Bubble Foundry


On CSV

by Peter.

CSV, or comma-separated values, is a non-standard which due to its apparent simplicity people think is a good data interchange format. It’s not. In this blog post I will attempt to tell you more than you ever wanted to know about CSV.

tl;dr: CSV is a a HORRIBLE ‘format’ and should NEVER be used. You will regret it. If you need a simple data exchange format that is easy to for lay people to read and write and widely supported by programming languages, use JSON (my first choice) or something like YAML.
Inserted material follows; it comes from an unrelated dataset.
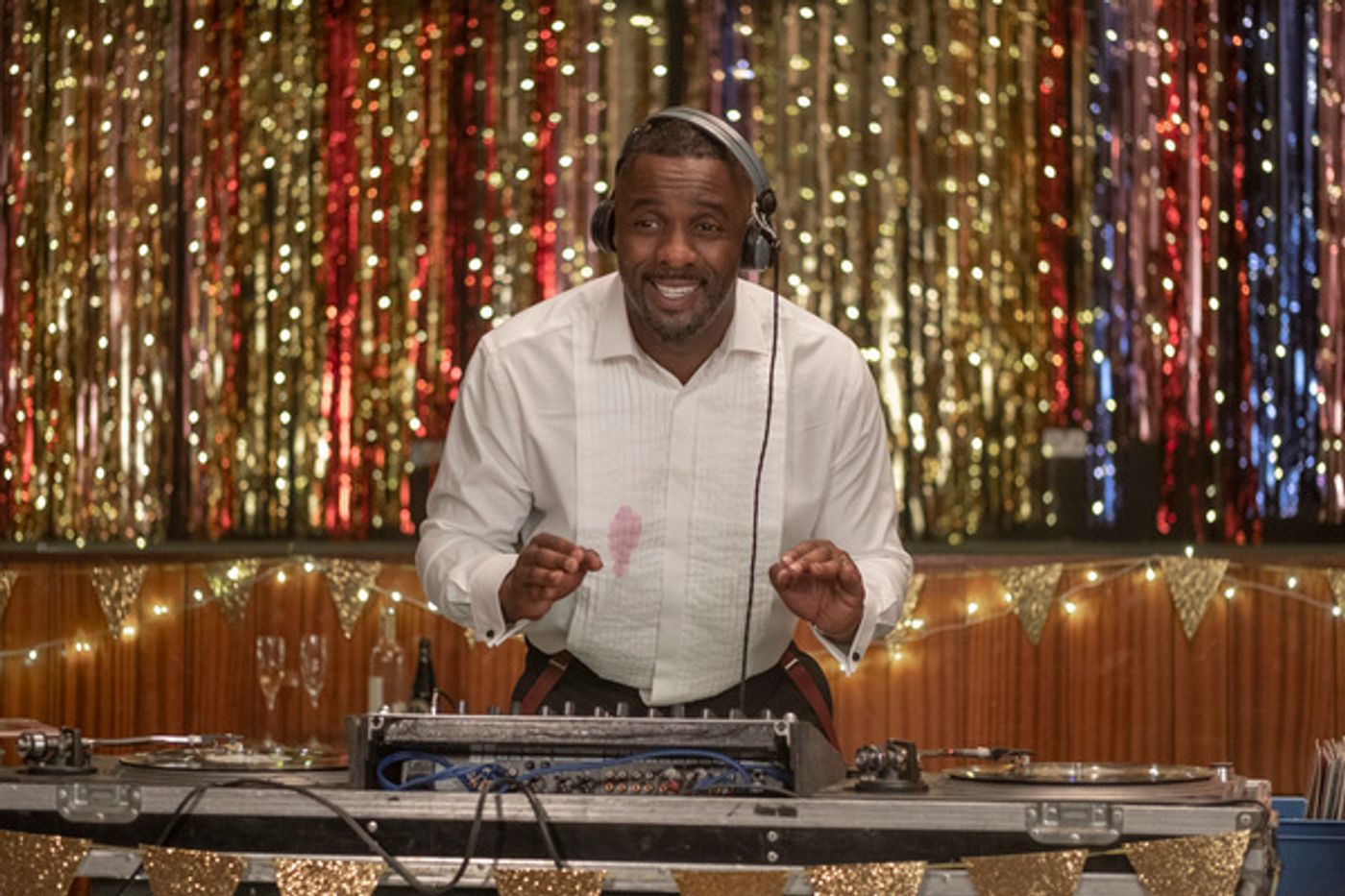 Photo Flash: First Look at Idris Elba in Netflix's TURN UP CHARLIE Photo Flash: First Look at Idris Elba in Netflix's TURN UP CHARLIE Image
CSV sounds like the simplest format in the world: you have rows and columns, just like in Excel, with one row per line and each column separated by commas:

USA, 1776
France, 1789

And there we go!

If only it were so simple…

How do we know what column is what?

What a good question! The simple answer is that you don’t. Or rather, you make the decision once in a project and make sure everyone else knows. They do know, right? Then you can all have code like this:

for (var k = 0; k < revolutions.length; k++) {
  var country = revolutions[k][0];
  var year = revolutions[k][1];
  console.log("In the year " + year + " " + country + " had a revolution.");
}

But then what happens when the new guy decides he’s going to store his information in something like a Python dictionary, which doesn’t guarantee the creation order will be maintained, before he creates a CSV using it. We might get messages like “In the year Russia 1917 had a revolution.”

But wait, you say! CSV files can have headers! All you have to do is have the first row consist of descriptions of the columns, like so:

Country, Year
USA, 1776
France, 1789
Russia, 1917

And then we might going through our revolutions like so:

for (var k = 0; k < revolutions.length; k++) {
  var country = revolutions[k]['country'];
  var year = revolutions[k]['year'];
  console.log("In the year " + year + " " + country + " had a revolution.");
}

And this is an improvement. Even if New Guy messes up and gives us the following file we’re good to go:

Year, Country
1776, USA
1789, France
1917, Russia

But how did everyone know that your CSV data has a header? Sure, it’s obvious to you, but you’re a human: you’re really great at pattern recognition1 and computers are horrible at it. For all the average CSV processing code knows, “Country” is a country and “Year” is the year its revolution happened. So, you’re back to telling everyone using your file that there are headers and that they should use them. This isn’t terribly hard but neither is it automatic.

What about accents?

In all the examples before we’ve used characters that can be represented in ASCII. But what if we now have a CSV of famous revolutionaries?

Name in English, Name in Native Language, Date of Birth
Vladimir Ilyich Lenin, Владимир Ильич Ленин, 1870
Mao Zedong, 毛泽东, 1893
Fidel Castro, Fidel Castro, 1926

What character encoding was used? How will you know? If you want to avoid problems you’ll either need to agree on an encoding format2 or someone reading your file may have to try to detect the proper format. Other, real formats specify the character encoding. For instance, JSON uses UTF-8.

What about commas?

What if we want to list our revolutionaries like “surname, given name” to make sorting easier?

Name in English, Name in Native Language, Date of Birth
Castro, Fidel, Fidel Castro, 1926
Lenin, Vladimir Ilyich, Владимир Ильич Ленин, 1870
Mao, Zedong, 毛泽东, 1893

Castro comes before Lenin who comes before Mao. Simple, no? Except you probably noticed a problem, yes? We know have a header row of 3 columns and data rows of 4. This means that Fidel Castro’s date of birth is ‘Fidel Castro’! Beyond being wrong, an unforgiving CVS parser (frankly, a good one) may refuse to process the file. Or it may simply drop the fourth columns, since it has no named column to assign the values to. And what if you application tries to treat ‘Fidel Castro’ as a number? It might crash!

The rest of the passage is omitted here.